* Listed entries:
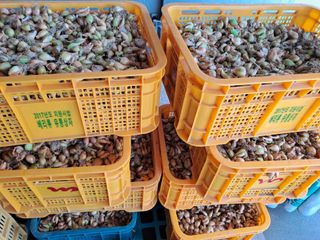 성실한 농부님의 자유주제 · 자유게시판 작성글 사진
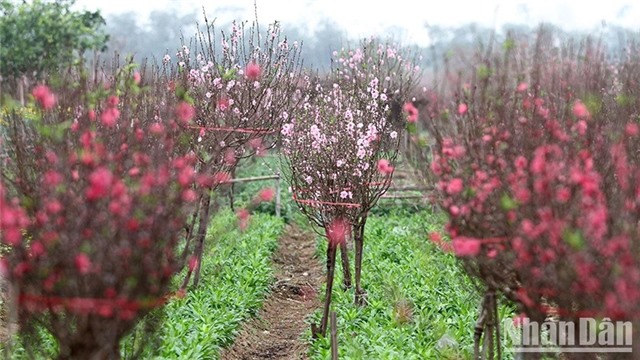 Thông báo lịch nghỉ Tết Nguyên đán năm 2024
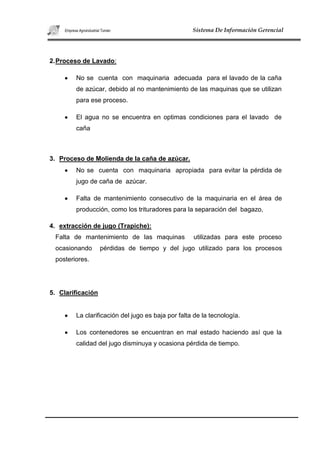 Agroindustrial tuman proyecto 2010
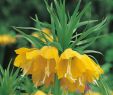 Garten Ringelblume Das Beste Von Kaiserkrone Lutea Gelb 1 Stück Fritillaria Imperialis Lutea Gelb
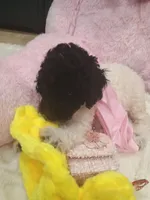 Ruri, a female Goldendoodle for sale in Miami, FL – 7 of 10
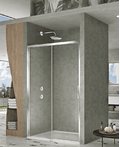 Душевая дверь Duka NATURA 4000 140 см (AR-ST2N L 1400) двери Раздвижные 
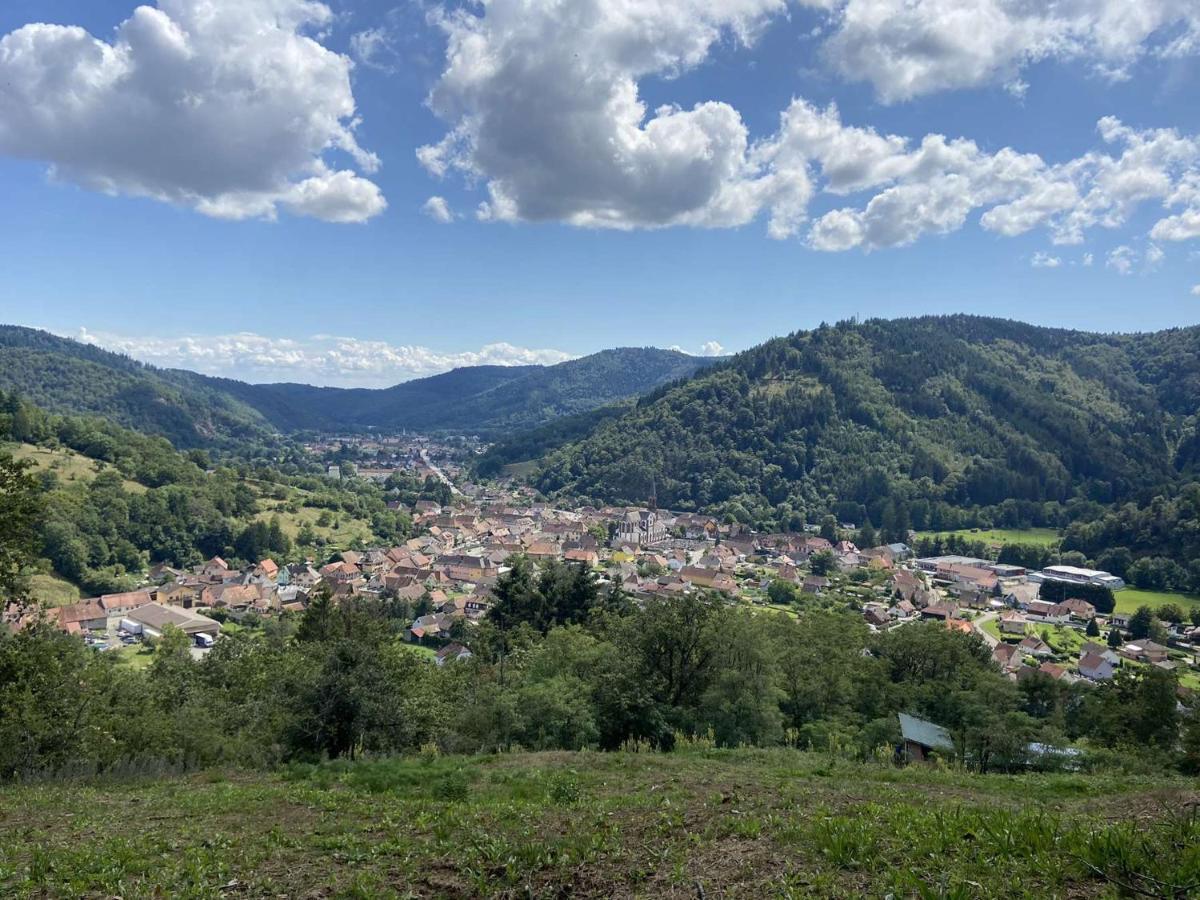 Les Noyers Du Wissbach Villa Willer-sur-Thur Luaran gambar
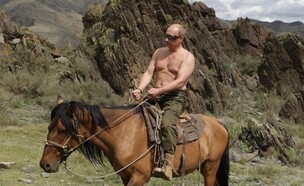 ולדימיר פוטין רוכב על סוס ללא חולצה (צילום: AP)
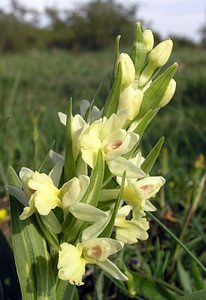 Dactylorhiza insularis (Orchidaceae)  - Orchis de Corse, Dactylorhize de Corse Aude [France] 26/04/2006 - 780m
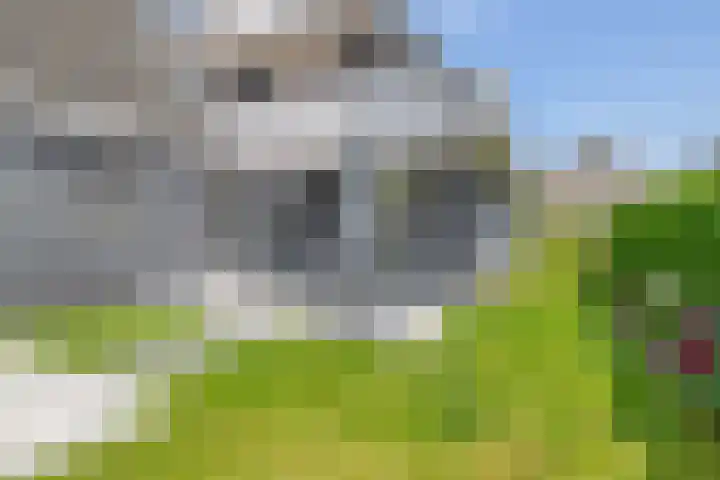 Slijkhout 5 Lemmer thumbnail 39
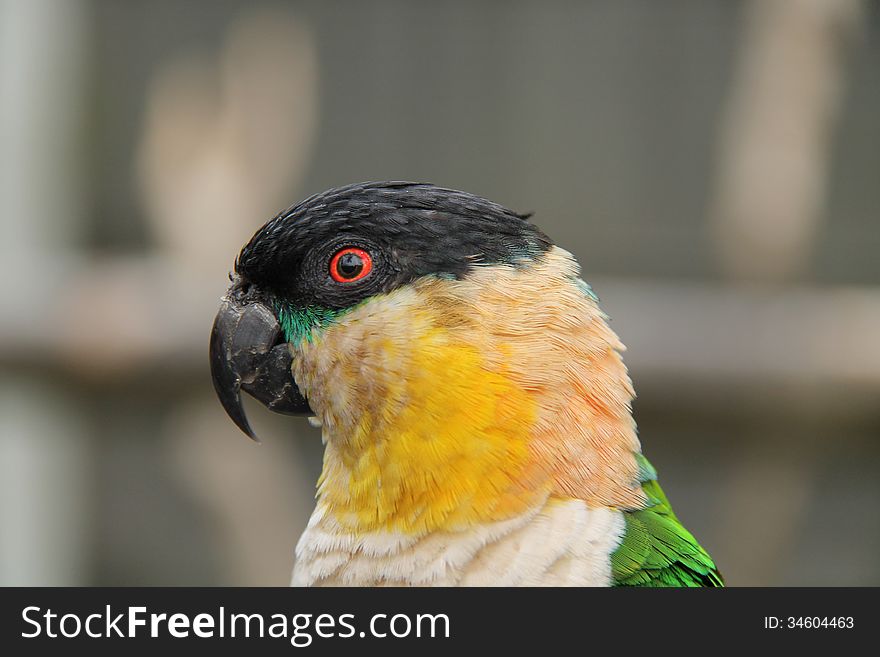 The Head of a Beautiful Black Capped Caiques Parrot. The Head of a Beautiful Black Capped Caiques Parrot.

* Task instructions: The data is to be restated word for word, with any pictures set aside.

* Task answer:
 성실한 농부님의 자유주제 · 자유게시판 작성글 사진
 Thông báo lịch nghỉ Tết Nguyên đán năm 2024
 Agroindustrial tuman proyecto 2010
 Garten Ringelblume Das Beste Von Kaiserkrone Lutea Gelb 1 Stück Fritillaria Imperialis Lutea Gelb
 Ruri, a female Goldendoodle for sale in Miami, FL – 7 of 10
 Душевая дверь Duka NATURA 4000 140 см (AR-ST2N L 1400) двери Раздвижные 
 Les Noyers Du Wissbach Villa Willer-sur-Thur Luaran gambar
 ולדימיר פוטין רוכב על סוס ללא חולצה (צילום: AP)
 Dactylorhiza insularis (Orchidaceae)  - Orchis de Corse, Dactylorhize de Corse Aude [France] 26/04/2006 - 780m
 Slijkhout 5 Lemmer thumbnail 39
 The Head of a Beautiful Black Capped Caiques Parrot. The Head of a Beautiful Black Capped Caiques Parrot.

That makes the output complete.